The journey by boat could be equally treacherous. In Odessa, boat became the sole means of evacuation in August 1941. As Sophia Abidor later recalled, the “Germans had surrounded Odessa from all sides, and it was no longer possible to leave by train.”
Memories of the evacuation are invariably associated with bombardment. Sophia Abidor recalled how her boat was bombed en route from Odessa to Sevastopol. Fortunately, the fire was extinguished.
Less fortunate were those traveling on the ship Lenin on the fateful day when it hit a mine shortly after leaving Odessa. In his memoirs, Saul Borovoi recounts how an acquaintance had offered to secure him a spot on the Lenin, but he had declined; the “thought that I would have to ask something of someone was unbearable to me.”
Instead, Borovoi traveled on the less comfortable Voroshilov, from which he observed the tragedy firsthand. The Lenin sank, and only a fraction of the ship’s 4,000 passengers survived. Borovoi, who participated in the rescue effort, recalled one survivor in particular: a young man whom he pulled out of the water, “almost naked, but in his hands he had his Komsomol [a Soviet Communist youth organization] membership card. He was terrified of losing it.”
In other cases, people traveled by car or truck. In this respect, the military, managerial, and political elite were particularly well provisioned. Despite directives issued in Belorussia forbidding the requisitioning of state cars to this end, the practice was widespread, particularly among military officers who regularly requisitioned cars to evacuate their families.

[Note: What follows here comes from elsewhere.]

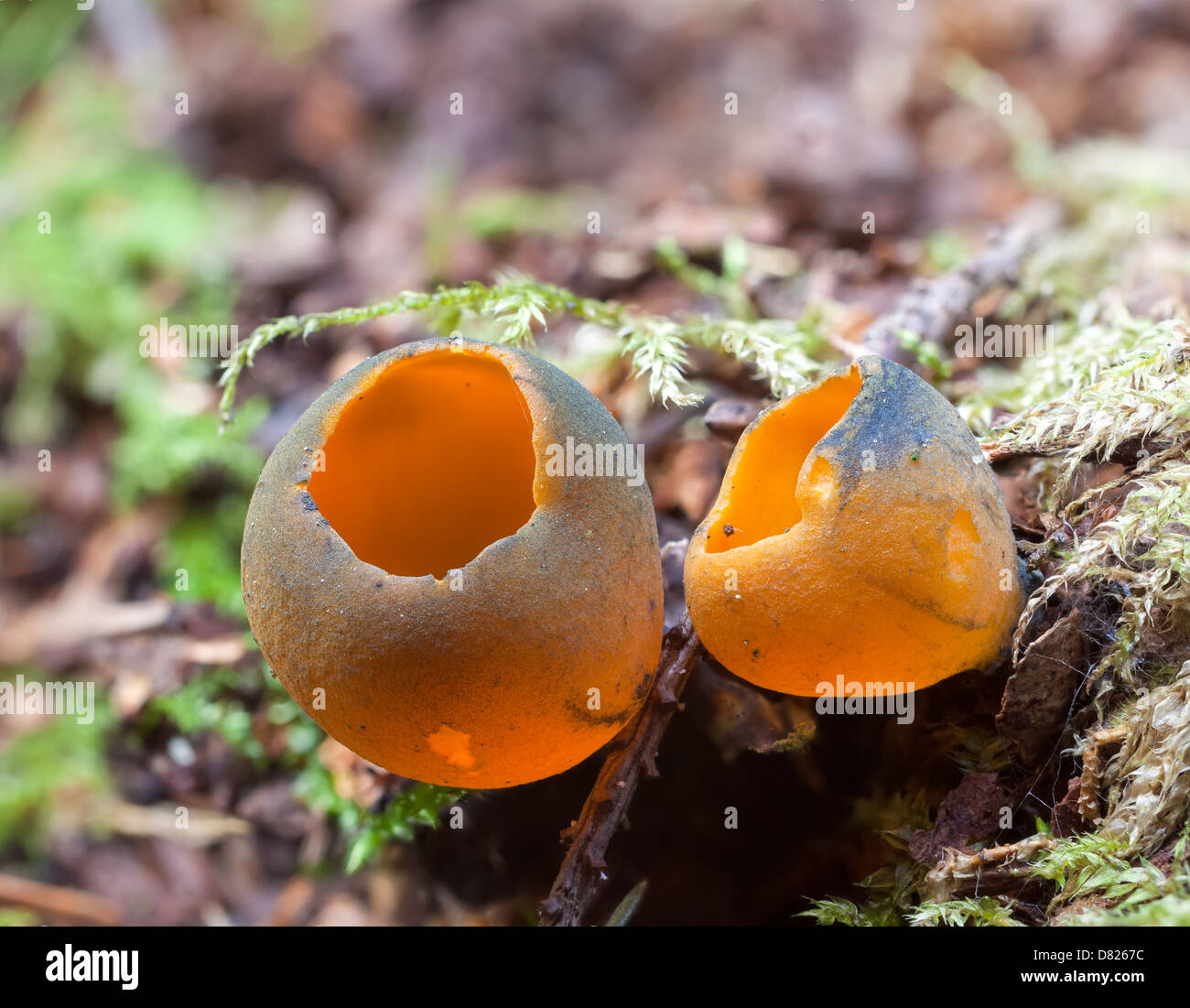 La molla a buccia d'arancia fungo Foto Stock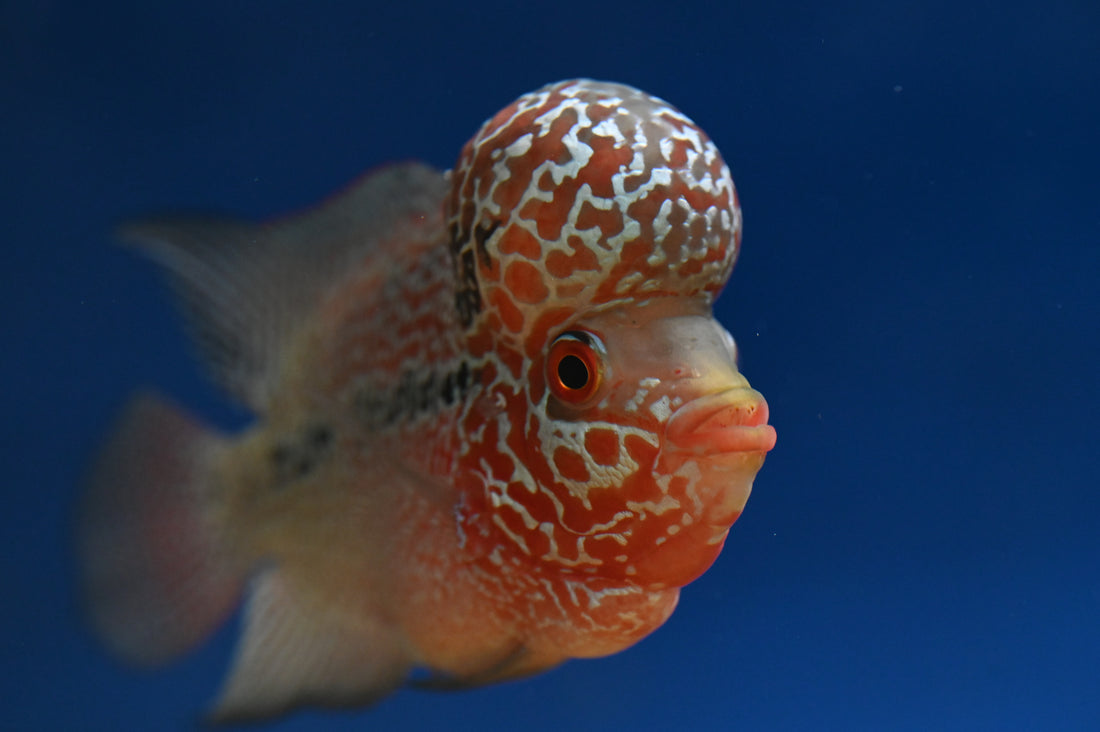 Super Red Dragon Flowerhorn (4.5”)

A command issued to the troops of the Western Front in early July noted that “at the same time as active units at the front have a desperate need for motor transport, a significant number of cars settle in the rear and are used in a most disorderly manner.” Party members and factory directors likewise requisitioned cars to evacuate either themselves or their families.
In Kursk, for example, the manager of an alcohol trust “decided to take his family from Kursk to Cheliabinsk oblast [an administrative region or province], illegally procuring documents for their departure, even though an evacuation of Kursk oblast and the city of Kursk was not underway. Using his position, he departed with his family in a car belonging to the trust, which he filled with 425 kilograms [51 gallons] of petrol.”
Given the scarcity of transportation, many traveled by foot. In the town of Klintsy, where evacuations were left until it was already too late, the civilian population had little choice.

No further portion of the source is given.